That morning, however, they had attended divine worship in a strange church, and listened to a sermon upon these chapters in which it was said they contained myths and allegories chiefly, and intimated among others things that the tower of Babel never existed.

The girls had recently entered college and were humiliated by the thought of their ignorance. Could it be that their parents had deceived them? And was their pastor in the conspiracy as well?

As they passed my house on their way home, they paused for information. I was absent, but my wife was able to show them such facts and evidences as in this limited way I am presenting to you now.

Perhaps you say, " How do you account for a minister making false statements?" In one sense I cannot account for it, yet in another I can.

That minister is a good man and was unaware that he was making false statements. He would sooner have lost his right hand than have consciously done so. But I suppose he had been trained in the atmosphere of the rationalistic criticism. All his college and seminary days he had heard and read but one side of the story; and since entering upon the ministry, had neither the time, nor the inclination, it may have been, to listen to or read the other.

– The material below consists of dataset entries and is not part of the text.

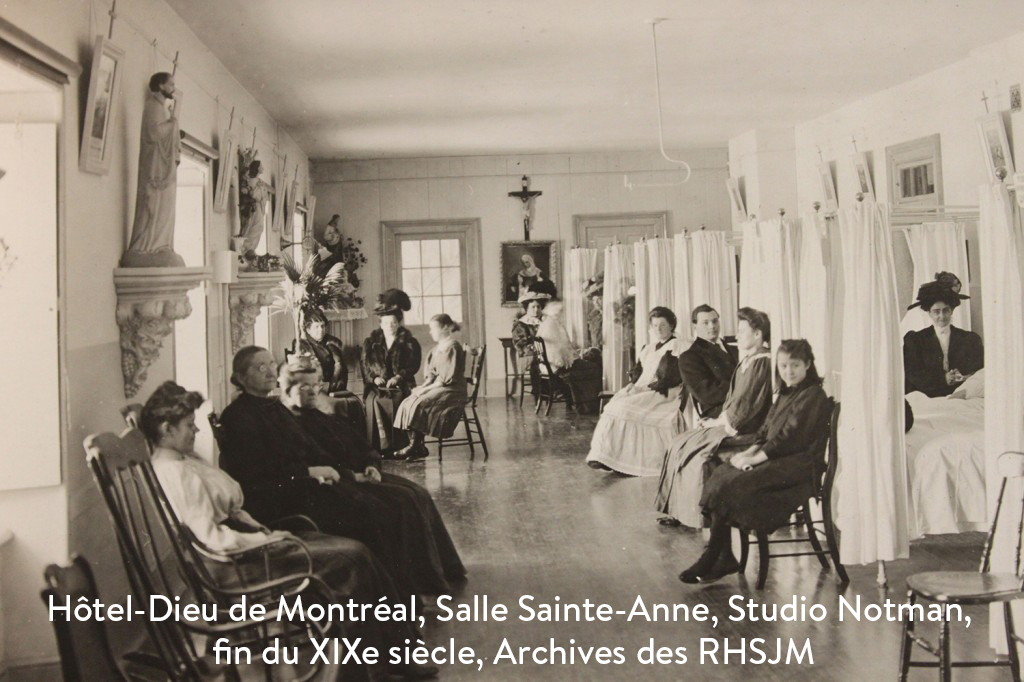 Hôtel Dieu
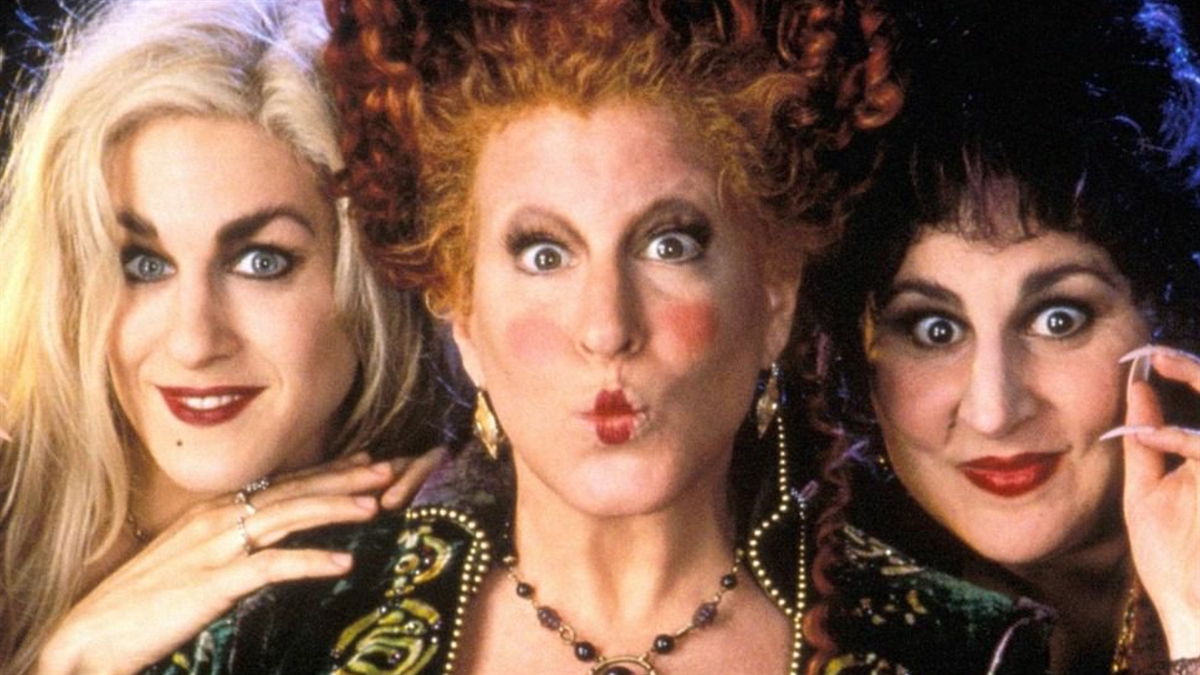 Bette Midler Just Revealed We ve Been Quoting Hocus Pocus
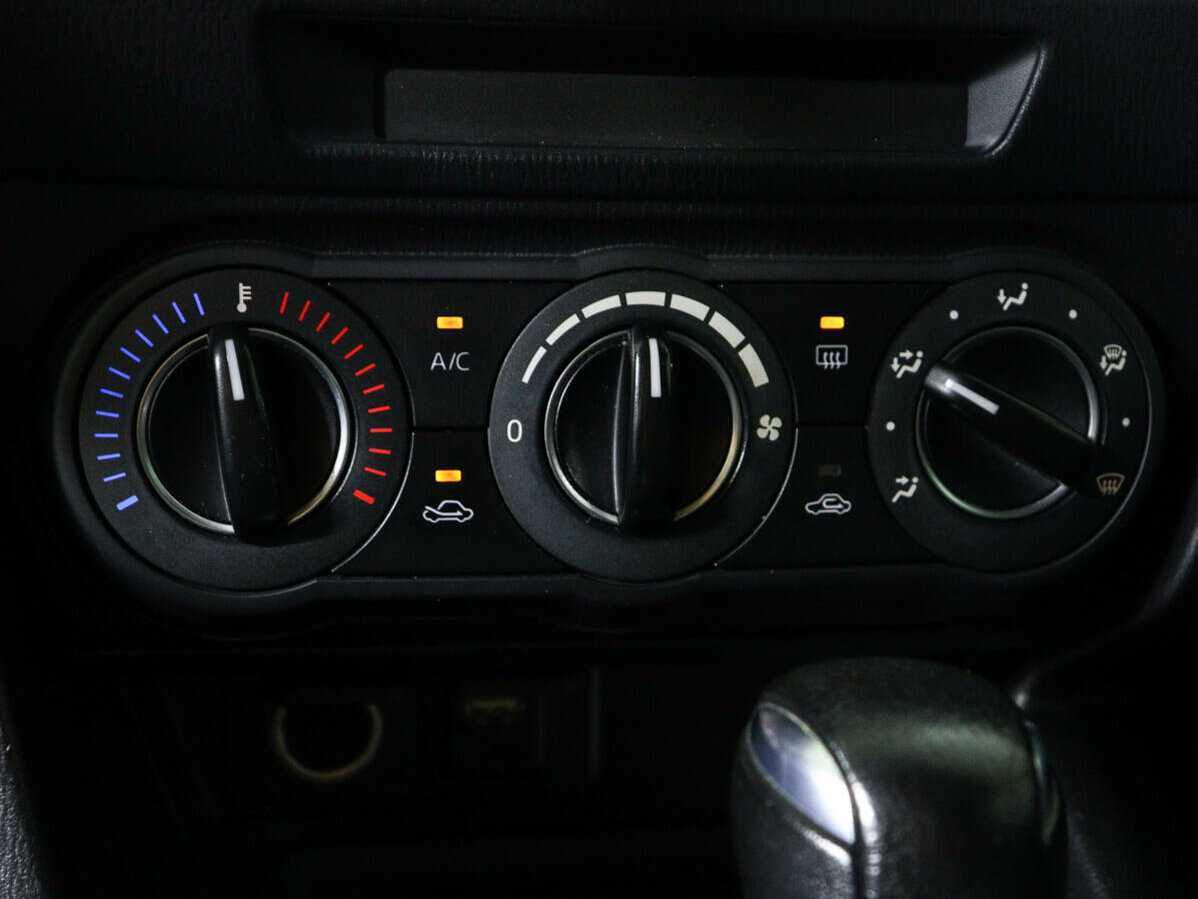 Mazda 3 2014 года с пробегом. Фото: #8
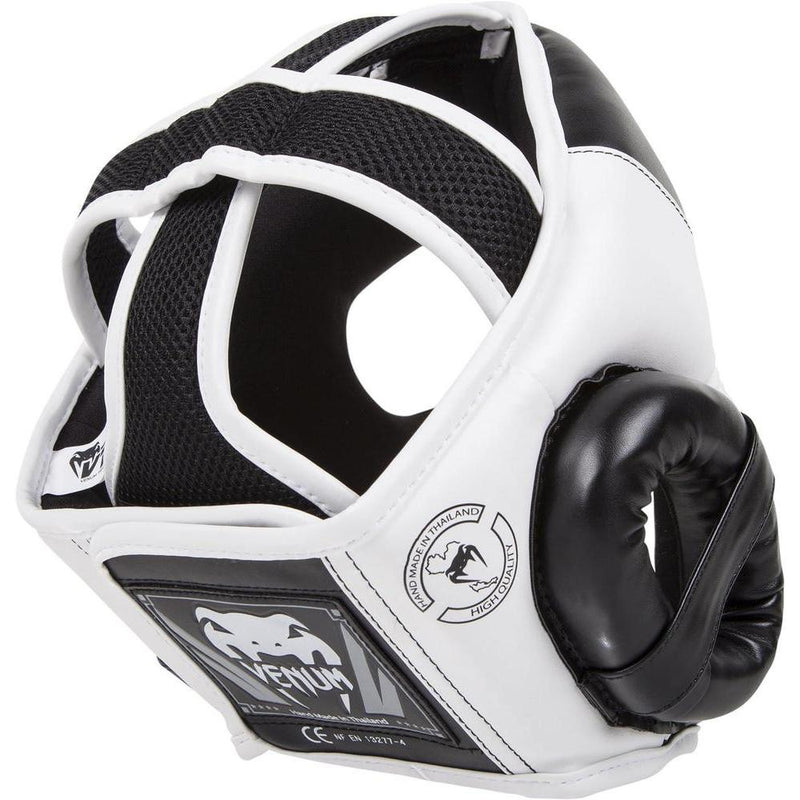 Casco de Protección para Artes Marciales Venum Challenger 2.0 con Espuma de Triple Densidad y Ajuste de Velcro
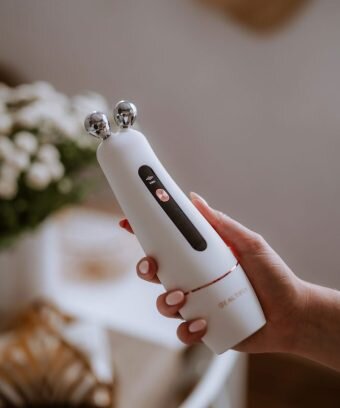 Beautifly B-Booster PRO-face lifting lifting seade, vananemisvastane süsteem hind ja info | Näohooldusseadmed | hansapost.ee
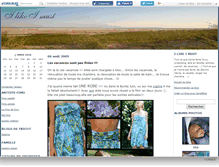 Tablet Screenshot of ilikeimust.canalblog.com
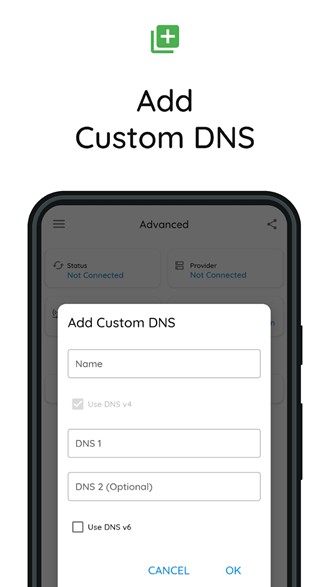 DNS Changer图片1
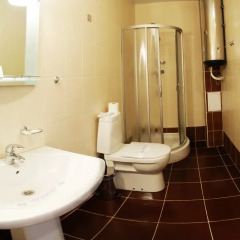 Гостиница Севастополь 3* Стандартный номер с разными типами кроватей фото 11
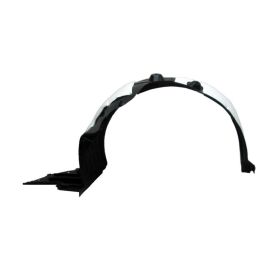 KIA Optima 2014-2015 Front Passenger Side Fender Liner - KI1249132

The circumstance emphasizes the momentousness of the words of Jesus where He lays on us the obligation to take heed what we hear, not merely how we hear, though that were quite important, but what we hear. Oh, the solemn responsibility that rests upon the pew concerning the preaching and teaching to which it listens! But how can you exercise that responsibility, except as you are familiar with the Word of God and learned in the Holy Scriptures?

"YE SHALL BE AS GOD."

I close this study by a further remark concerning the spirit and motive of these Babylonians in building the cloud-capped tower. I believe that in the last analysis, it can only be explained by the words of Satan in the garden of Eden, " Ye shall be as God," which, as was declared previously, is still the trumpcard in the hand of the arch-fiend. As our first parents were caught in this snare, so have all their Descendants become likewise fascinated by it.

Julius Caesar was the tutelar deity of Rome.

The Greek and Roman mythologies were deifications of human strength, beauty and licentiousness. The Roman Catholic Church claims that she is Christ's vicegerent upon earth. The German philosophers of the 18th century said: " The human race is the Godman, the human race is the incarnate Son, the human race is the true Christ."

To come still nearer home, the literature of the English Carlyle, and the American Emerson whom men and women are worshiping today is of the same kind as the German philosophers and teaching the same deification of humanity.

A RAVEN OR A NIGHTINGALE?

And when we look toward the future what do we see? We see the human race rapidly approaching the culminating period when, as was said previously, under the Antichrist, it will be worshiping itself in worshiping him. Some may call me a pessimist for saying this, but it matters not. As Bishop Nicholson once said, " Pessimism is croaking, and to croak is like the frog, and smells of the swamp. But if a night-hawk be hovering around, then the croaking of a raven were better than the song of a nightingale." He is not a pessimist who gives a true and needed warning, but in the best sense of the word he is an optimist. As John Bigelow says: " No conflagration was ever extinguished by silencing the alarm bell."

This age of ours is wrinkled deep with many lines of character, and one of them, deeper and blacker than the others, deepest and blackest of 'them all, is the design and purpose underlying the declaration: " Ye shall be as God."

The antidote to this is the exaltation of the incarnate Son, " Who was conceived of the Holy Ghost, born of the Virgin Mary, suffered under Pontius Pilate, was crucified, dead and buried. The third day He rose from the dead, He ascended into heaven, and sitteth on the right hand of God, the Father Almighty. From thence He shall come to judge the quick and the dead."